● **Problem to work on**: Look in the data below for the line that has "ДВИГАТЕЛЬ НА TOYOTA ESTIMA ACR30W 2AZ-FE", then print exactly every line from there through the line that has "2004 VW Golf R32 'Turbo'", leaving pictures out.

● **Data shown**:
:::::

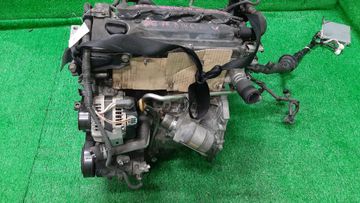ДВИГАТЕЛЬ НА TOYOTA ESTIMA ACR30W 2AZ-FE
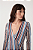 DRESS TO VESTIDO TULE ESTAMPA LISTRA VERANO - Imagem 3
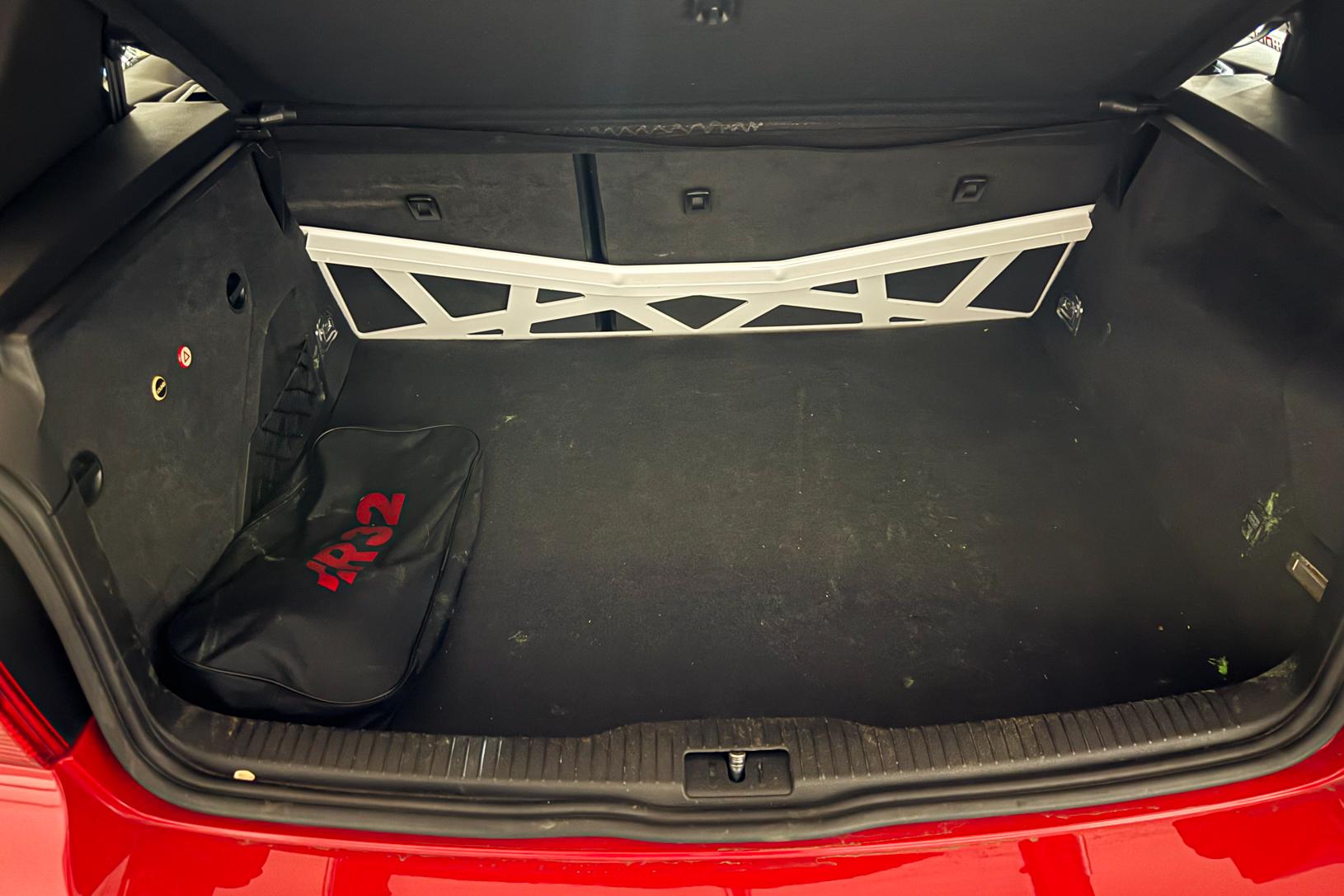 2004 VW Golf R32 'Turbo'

:::::

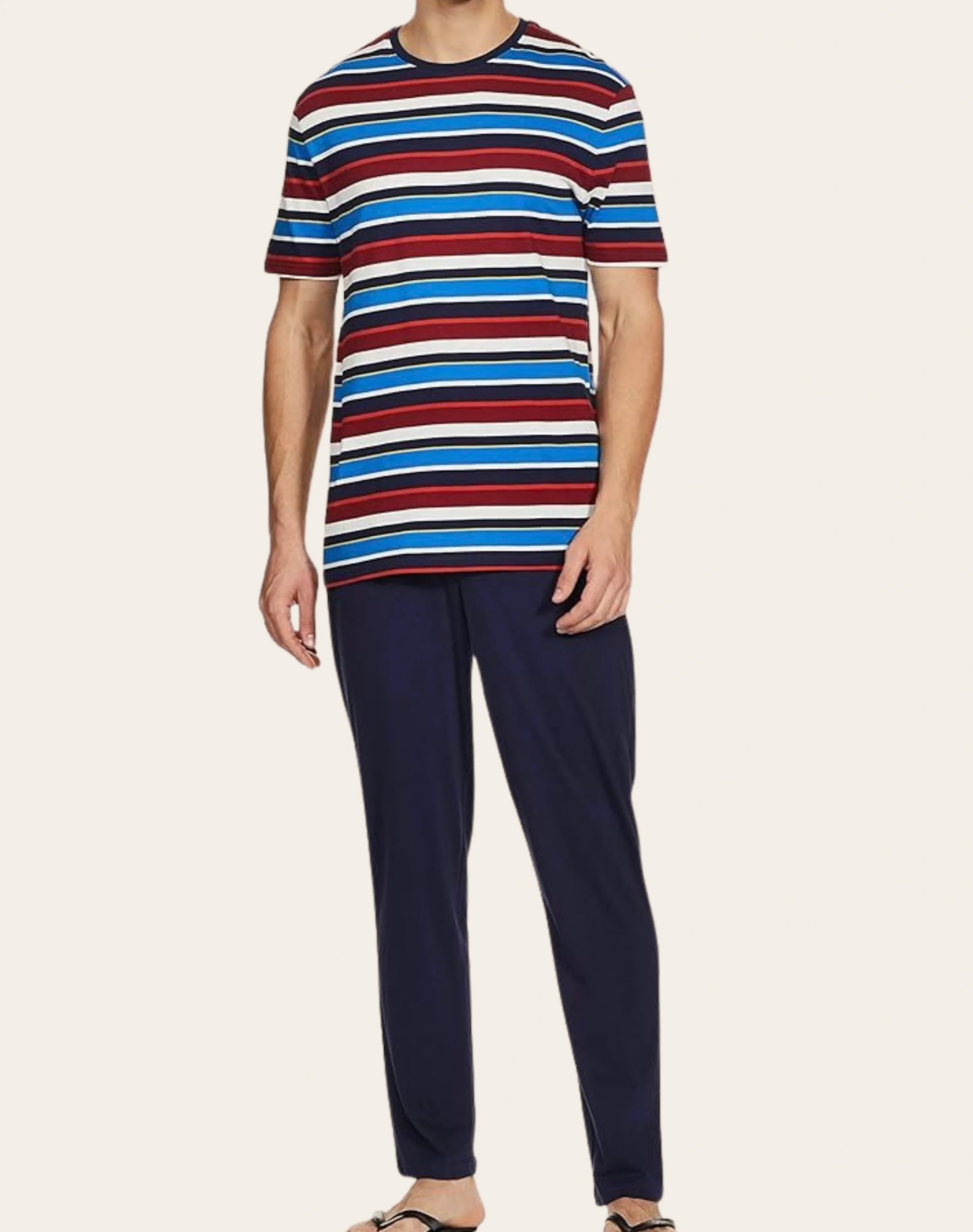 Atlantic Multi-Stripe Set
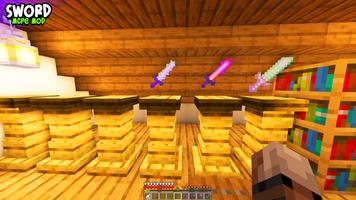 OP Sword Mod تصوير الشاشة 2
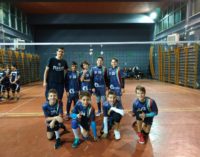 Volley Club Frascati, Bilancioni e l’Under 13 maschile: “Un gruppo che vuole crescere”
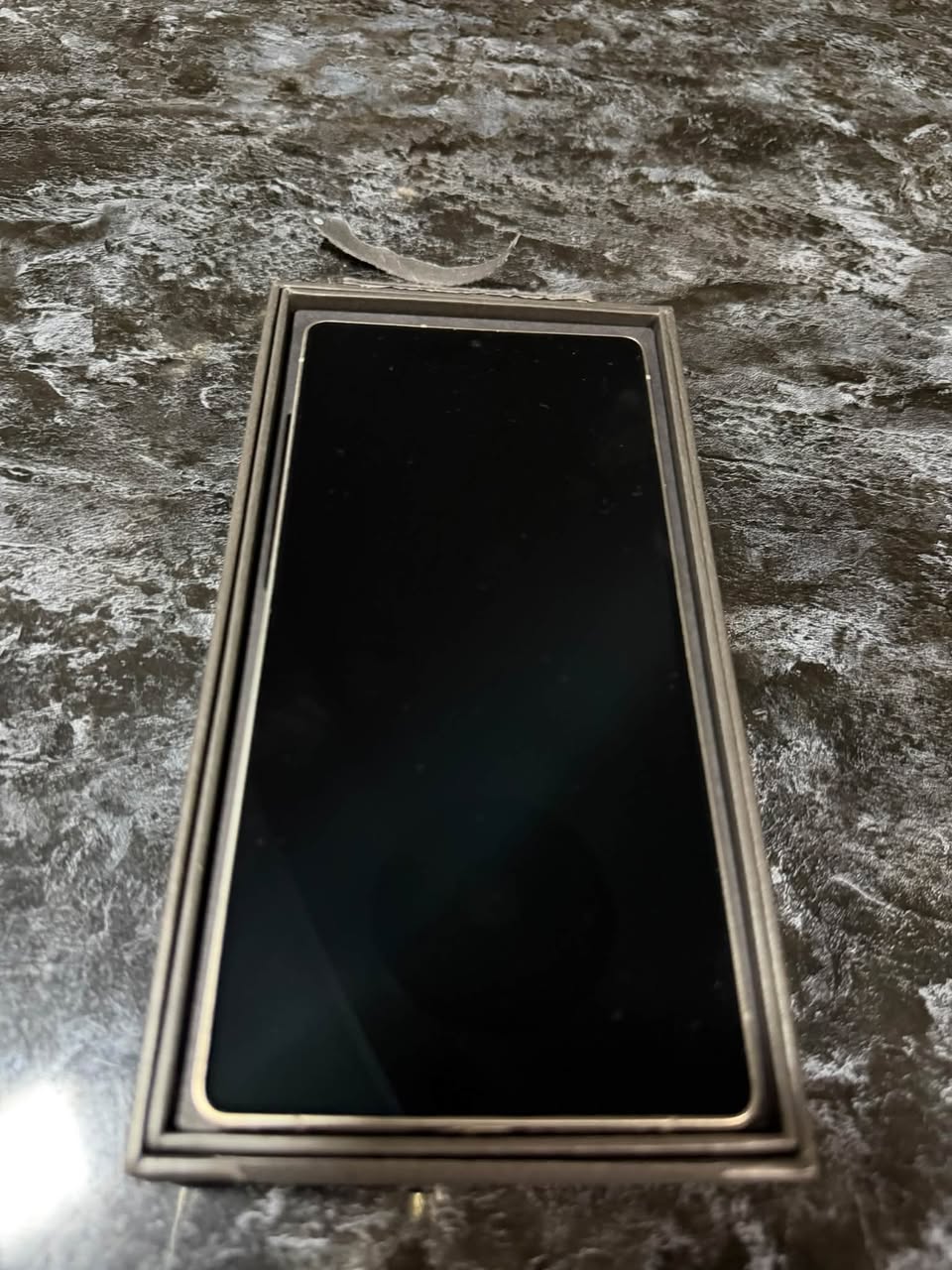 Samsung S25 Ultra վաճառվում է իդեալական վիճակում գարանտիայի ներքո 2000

:::::

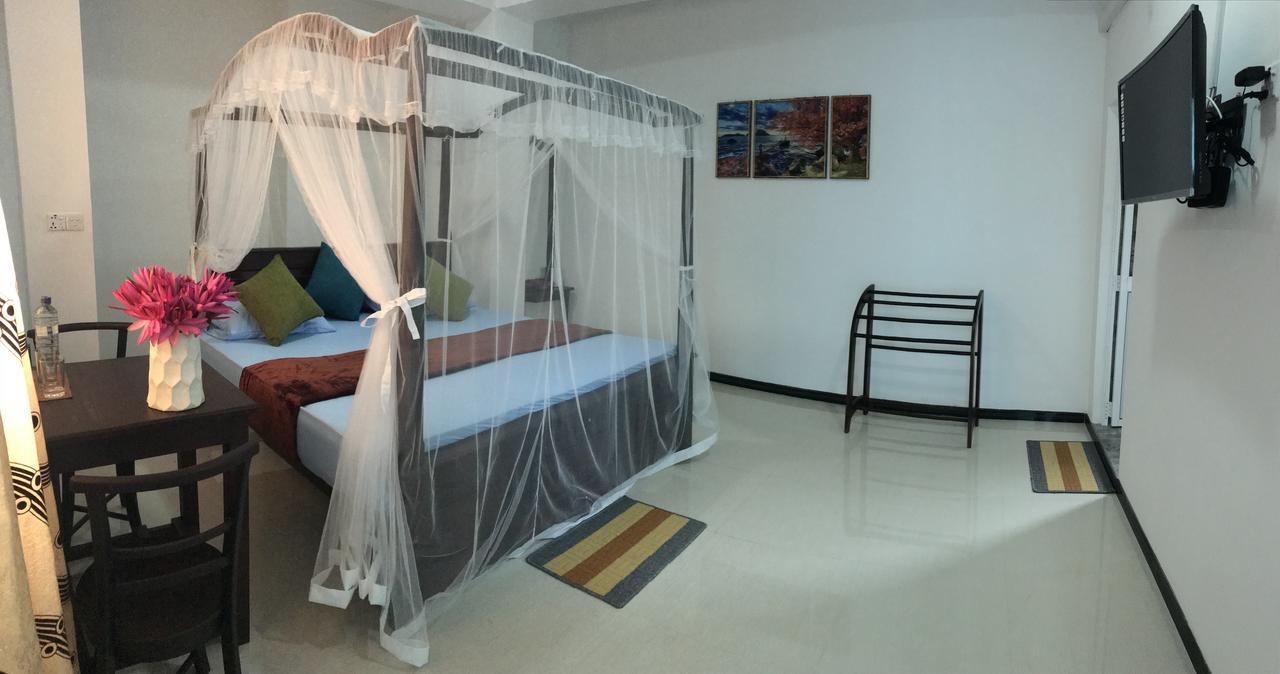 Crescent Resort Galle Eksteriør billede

:::::

● **Your response**:
ДВИГАТЕЛЬ НА TOYOTA ESTIMA ACR30W 2AZ-FE
 DRESS TO VESTIDO TULE ESTAMPA LISTRA VERANO - Imagem 3
 2004 VW Golf R32 'Turbo'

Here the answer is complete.